> **TASK INPUT**
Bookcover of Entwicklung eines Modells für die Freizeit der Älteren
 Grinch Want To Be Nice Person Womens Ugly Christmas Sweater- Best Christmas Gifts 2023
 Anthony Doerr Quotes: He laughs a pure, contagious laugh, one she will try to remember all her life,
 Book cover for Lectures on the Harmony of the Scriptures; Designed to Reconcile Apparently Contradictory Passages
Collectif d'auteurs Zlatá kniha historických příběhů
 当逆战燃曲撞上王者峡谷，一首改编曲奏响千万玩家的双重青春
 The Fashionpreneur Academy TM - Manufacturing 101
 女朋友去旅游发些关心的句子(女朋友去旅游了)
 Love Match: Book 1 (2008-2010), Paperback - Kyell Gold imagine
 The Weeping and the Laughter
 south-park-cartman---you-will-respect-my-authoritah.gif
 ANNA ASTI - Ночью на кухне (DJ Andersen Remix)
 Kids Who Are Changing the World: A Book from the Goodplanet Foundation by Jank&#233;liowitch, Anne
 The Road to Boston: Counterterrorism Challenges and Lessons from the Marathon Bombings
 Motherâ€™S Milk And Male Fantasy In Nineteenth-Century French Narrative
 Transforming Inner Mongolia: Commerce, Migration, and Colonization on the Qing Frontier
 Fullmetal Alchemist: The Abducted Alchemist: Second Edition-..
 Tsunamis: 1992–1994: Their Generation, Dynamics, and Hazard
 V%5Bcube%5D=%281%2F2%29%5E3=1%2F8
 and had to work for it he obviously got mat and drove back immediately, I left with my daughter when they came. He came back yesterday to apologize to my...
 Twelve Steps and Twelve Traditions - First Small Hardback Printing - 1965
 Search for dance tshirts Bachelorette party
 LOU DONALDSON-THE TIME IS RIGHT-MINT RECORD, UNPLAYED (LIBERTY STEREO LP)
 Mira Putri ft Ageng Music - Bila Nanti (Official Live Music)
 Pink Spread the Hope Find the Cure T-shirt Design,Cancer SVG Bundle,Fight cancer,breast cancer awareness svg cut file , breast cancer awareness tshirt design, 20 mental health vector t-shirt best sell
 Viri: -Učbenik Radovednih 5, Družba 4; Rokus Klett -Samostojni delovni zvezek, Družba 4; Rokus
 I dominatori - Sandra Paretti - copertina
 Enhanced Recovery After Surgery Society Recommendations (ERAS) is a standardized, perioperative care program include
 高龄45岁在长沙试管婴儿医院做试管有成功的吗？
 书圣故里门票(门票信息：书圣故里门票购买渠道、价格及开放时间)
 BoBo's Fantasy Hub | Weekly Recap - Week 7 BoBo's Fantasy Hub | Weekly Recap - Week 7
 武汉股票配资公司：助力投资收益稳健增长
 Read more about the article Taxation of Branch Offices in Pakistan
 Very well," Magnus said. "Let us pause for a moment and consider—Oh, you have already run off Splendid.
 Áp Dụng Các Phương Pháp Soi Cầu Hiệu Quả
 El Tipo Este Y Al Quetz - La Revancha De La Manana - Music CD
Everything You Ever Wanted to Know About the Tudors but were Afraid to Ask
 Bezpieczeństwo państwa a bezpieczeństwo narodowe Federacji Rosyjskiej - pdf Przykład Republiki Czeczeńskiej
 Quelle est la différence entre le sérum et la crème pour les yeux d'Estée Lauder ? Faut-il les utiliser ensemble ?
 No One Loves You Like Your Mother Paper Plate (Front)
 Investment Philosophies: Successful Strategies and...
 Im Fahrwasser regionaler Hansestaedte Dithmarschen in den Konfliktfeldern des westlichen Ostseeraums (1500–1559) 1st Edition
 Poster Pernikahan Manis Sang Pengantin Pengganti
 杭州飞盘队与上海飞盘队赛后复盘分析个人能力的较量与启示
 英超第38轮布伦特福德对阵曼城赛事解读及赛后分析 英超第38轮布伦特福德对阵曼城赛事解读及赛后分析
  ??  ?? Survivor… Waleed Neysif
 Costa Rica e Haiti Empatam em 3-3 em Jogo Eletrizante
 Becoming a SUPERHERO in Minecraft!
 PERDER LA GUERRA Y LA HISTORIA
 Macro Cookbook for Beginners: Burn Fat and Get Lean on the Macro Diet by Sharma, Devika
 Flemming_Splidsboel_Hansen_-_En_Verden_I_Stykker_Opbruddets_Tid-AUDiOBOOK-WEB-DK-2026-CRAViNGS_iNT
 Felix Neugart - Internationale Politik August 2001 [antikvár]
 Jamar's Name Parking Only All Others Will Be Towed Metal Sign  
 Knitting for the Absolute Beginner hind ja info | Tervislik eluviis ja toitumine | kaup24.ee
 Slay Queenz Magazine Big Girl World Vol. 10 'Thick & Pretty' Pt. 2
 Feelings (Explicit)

> **PROBLEM REQUIREMENTS**
Please restate word for word only the lines from the one with "PERDER LA GUERRA Y LA HISTORIA" through the final line of the listing above, both of them included.

> **EXERCISE RESULT**
 PERDER LA GUERRA Y LA HISTORIA
 Macro Cookbook for Beginners: Burn Fat and Get Lean on the Macro Diet by Sharma, Devika
 Flemming_Splidsboel_Hansen_-_En_Verden_I_Stykker_Opbruddets_Tid-AUDiOBOOK-WEB-DK-2026-CRAViNGS_iNT
 Felix Neugart - Internationale Politik August 2001 [antikvár]
 Jamar's Name Parking Only All Others Will Be Towed Metal Sign  
 Knitting for the Absolute Beginner hind ja info | Tervislik eluviis ja toitumine | kaup24.ee
 Slay Queenz Magazine Big Girl World Vol. 10 'Thick & Pretty' Pt. 2
 Feelings (Explicit)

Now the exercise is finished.